Fortgesetzte Kursrückgänge lassen die Stimmung schließlich ins Negative kippen, in der Berichterstattung wird der Konsens pessimistisch. Die Risikobereitschaft nimmt immer mehr ab, aber noch hegen Anlegerinnen und Anleger die Erwartung, dass sich die Kurse schnell erholen. Diese Hoffnung schwindet mit weiter fallenden Kursnotierungen. Das Gefühl, die Kontrolle verloren zu haben, verstärkt den Stress und begünstigt das Aufkommen von Angst. Der Markt befindet sich jetzt einer Phase der irrationalen Übertreibung nach unten. Panik macht sich breit und der Wunsch, die Kontrolle wiederzuerlangen, mündet schließlich in der Kapitulation. Das Investment als mutmaßlicher Auslöser der negativen Empfindungen wird verkauft – egal zu welchem Preis.
Wie ein Phönix aus der Asche
Mit weiteren Kursrückgängen fühlen sich Anlegerinnen und Anleger in ihrem Handeln bestätigt. Die Phase der Kapitulation ist gekennzeichnet durch eine extrem schlechte Stimmung, die teilweise zur totalen Ablehnung von Investments am Kapitalmarkt führt. Nachrichten, die eine Fortsetzung der Kursverluste rechtfertigen, wird eine hohe Bedeutung beigemessen, der Tenor bleibt pessimistisch.
Erholen sich die Kurse anschließend, wird dies als bedeutungslose Reaktion auf die vorangegangenen Verluste gewertet. Mit der fortgesetzten Erholung der Kursnotierungen wird der Tenor in den Nachrichten allmählich neutral. Viele Marktteilnehmende begegnen den steigenden Notierungen angesichts des zuvor erlittenen Kontroll- und Kapitalverlusts jedoch mit Verunsicherung und Vorsicht. Fortschreitende Kursanstiege führen schließlich zu einem Stimmungsumschwung. Der Konsens in der Berichterstattung wird wieder optimistischer.
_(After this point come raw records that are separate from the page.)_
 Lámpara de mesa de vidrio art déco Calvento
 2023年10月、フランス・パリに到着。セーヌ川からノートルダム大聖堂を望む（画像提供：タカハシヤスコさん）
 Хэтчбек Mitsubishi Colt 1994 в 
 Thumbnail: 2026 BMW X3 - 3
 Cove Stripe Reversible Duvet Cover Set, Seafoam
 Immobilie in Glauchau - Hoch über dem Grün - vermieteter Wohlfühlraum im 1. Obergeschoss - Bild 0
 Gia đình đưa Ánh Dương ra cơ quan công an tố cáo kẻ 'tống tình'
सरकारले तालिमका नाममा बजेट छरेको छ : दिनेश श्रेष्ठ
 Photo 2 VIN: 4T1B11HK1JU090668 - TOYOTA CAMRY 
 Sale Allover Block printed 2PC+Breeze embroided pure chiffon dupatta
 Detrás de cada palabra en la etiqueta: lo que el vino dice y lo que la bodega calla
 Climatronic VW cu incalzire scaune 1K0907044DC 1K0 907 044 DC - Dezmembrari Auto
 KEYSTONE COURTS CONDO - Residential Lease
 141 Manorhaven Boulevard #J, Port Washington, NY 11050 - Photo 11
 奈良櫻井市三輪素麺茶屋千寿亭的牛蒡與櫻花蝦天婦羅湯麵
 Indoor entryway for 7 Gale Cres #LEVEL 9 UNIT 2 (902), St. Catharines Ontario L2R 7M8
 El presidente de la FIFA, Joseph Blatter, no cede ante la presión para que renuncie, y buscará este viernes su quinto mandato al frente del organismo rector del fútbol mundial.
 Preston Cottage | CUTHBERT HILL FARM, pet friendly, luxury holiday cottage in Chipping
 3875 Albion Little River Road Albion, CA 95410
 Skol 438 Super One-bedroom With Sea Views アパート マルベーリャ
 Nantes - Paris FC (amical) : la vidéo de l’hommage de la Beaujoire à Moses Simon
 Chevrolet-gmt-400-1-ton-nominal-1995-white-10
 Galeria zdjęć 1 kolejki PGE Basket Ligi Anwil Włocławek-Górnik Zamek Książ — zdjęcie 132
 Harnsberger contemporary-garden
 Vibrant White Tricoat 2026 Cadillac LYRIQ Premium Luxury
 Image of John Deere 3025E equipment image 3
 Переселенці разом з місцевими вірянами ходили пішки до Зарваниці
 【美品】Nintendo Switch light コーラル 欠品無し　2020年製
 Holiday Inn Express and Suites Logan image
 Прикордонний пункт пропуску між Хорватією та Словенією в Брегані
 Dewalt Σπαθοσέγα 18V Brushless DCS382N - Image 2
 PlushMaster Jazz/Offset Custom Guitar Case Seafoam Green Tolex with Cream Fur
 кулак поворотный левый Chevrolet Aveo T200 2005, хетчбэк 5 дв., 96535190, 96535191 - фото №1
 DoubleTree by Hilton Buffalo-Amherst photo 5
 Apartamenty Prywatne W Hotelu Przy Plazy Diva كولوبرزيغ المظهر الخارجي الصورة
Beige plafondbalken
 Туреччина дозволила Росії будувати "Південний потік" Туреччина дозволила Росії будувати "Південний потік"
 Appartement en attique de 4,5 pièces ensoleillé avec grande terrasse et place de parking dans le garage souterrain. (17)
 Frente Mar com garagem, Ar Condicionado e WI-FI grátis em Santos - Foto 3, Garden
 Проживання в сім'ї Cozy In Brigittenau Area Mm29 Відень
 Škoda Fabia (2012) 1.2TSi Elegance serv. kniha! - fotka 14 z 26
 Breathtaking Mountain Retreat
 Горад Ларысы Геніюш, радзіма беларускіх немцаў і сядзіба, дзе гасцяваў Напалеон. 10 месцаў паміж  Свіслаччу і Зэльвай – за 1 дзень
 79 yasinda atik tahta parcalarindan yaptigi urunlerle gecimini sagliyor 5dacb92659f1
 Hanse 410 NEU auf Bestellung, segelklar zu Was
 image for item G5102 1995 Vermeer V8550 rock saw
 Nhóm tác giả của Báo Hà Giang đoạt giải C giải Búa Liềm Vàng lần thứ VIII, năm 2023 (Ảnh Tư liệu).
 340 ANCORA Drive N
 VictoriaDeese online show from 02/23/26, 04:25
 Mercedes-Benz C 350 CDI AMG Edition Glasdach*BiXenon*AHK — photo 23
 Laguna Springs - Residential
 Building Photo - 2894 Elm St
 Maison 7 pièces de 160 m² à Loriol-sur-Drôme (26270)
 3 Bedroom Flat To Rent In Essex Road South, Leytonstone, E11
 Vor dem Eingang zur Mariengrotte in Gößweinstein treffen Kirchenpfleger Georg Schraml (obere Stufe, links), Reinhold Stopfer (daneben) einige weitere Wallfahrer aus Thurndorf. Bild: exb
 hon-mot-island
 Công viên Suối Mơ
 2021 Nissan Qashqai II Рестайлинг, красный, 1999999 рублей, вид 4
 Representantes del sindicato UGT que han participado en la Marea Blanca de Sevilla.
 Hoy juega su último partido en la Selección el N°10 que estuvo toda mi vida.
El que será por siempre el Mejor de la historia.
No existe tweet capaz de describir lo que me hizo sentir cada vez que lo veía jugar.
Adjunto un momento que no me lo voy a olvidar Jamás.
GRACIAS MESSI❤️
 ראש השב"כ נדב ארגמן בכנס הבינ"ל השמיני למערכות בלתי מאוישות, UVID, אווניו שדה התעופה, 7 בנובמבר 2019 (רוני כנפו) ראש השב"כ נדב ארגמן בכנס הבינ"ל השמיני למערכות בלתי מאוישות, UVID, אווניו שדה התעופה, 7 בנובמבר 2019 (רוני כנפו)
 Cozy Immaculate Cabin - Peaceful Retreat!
Ein positives Bild von der künftigen Entwicklung und die Erwartung weiter steigender Kurse verfestigen sich, das Vertrauen kehrt zurück und der Zyklus beginnt aufs Neue.
Anlegerinnen und Anlegern kann das Wissen um die psychologischen Begleiterscheinungen des Börsenzyklus dabei helfen, die aktuelle Situation des Marktes besser einzuordnen und Fehler wie die Fixierung auf den Einstandspreis, ein zu langes Festhalten an Verlustpositionen oder ein trügerisches Kontrollempfinden zu vermeiden.